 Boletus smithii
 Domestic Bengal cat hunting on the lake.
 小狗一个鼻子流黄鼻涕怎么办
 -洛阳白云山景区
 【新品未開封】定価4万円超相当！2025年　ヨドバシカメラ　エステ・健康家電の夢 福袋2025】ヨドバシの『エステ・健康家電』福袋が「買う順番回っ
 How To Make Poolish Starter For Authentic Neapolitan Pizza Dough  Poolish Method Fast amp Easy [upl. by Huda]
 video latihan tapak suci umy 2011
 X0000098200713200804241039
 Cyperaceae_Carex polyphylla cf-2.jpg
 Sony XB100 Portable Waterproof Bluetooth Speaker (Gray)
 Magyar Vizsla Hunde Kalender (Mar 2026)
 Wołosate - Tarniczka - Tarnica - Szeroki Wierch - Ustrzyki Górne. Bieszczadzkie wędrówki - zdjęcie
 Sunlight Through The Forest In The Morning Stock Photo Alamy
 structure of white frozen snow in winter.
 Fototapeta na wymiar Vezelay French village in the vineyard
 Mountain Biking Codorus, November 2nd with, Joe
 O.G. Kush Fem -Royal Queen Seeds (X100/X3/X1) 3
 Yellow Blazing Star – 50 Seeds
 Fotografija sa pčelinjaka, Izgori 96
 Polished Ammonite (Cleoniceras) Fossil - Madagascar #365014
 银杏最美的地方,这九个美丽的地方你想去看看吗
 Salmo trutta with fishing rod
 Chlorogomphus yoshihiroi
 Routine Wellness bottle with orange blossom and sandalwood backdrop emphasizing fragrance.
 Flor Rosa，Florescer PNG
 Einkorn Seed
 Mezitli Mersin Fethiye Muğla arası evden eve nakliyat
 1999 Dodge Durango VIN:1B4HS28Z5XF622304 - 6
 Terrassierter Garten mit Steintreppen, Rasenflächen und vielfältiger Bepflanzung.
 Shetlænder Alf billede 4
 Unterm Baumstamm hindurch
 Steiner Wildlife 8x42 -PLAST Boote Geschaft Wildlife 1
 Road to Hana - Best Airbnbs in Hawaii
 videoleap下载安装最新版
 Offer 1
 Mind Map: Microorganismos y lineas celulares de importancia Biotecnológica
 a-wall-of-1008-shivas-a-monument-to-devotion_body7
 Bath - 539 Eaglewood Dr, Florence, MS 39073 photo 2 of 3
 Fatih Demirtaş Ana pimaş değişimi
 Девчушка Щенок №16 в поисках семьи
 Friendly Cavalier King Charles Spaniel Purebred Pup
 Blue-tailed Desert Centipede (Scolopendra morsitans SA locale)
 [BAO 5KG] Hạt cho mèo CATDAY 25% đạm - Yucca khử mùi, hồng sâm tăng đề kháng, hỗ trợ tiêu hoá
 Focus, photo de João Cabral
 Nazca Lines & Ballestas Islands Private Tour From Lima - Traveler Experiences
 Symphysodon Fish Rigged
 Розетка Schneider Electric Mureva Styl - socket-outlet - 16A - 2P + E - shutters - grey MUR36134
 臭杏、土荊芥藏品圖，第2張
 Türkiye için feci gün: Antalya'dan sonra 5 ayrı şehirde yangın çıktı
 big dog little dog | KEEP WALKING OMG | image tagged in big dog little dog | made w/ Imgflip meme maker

TASK DESCRIPTION =
Write out, exactly as they appear, the lines from the one containing "Symphysodon Fish Rigged" through the last line of the records above, both included, and nothing more.

SOLUTION TO THE EXERCISE =
 Symphysodon Fish Rigged
 Розетка Schneider Electric Mureva Styl - socket-outlet - 16A - 2P + E - shutters - grey MUR36134
 臭杏、土荊芥藏品圖，第2張
 Türkiye için feci gün: Antalya'dan sonra 5 ayrı şehirde yangın çıktı
 big dog little dog | KEEP WALKING OMG | image tagged in big dog little dog | made w/ Imgflip meme maker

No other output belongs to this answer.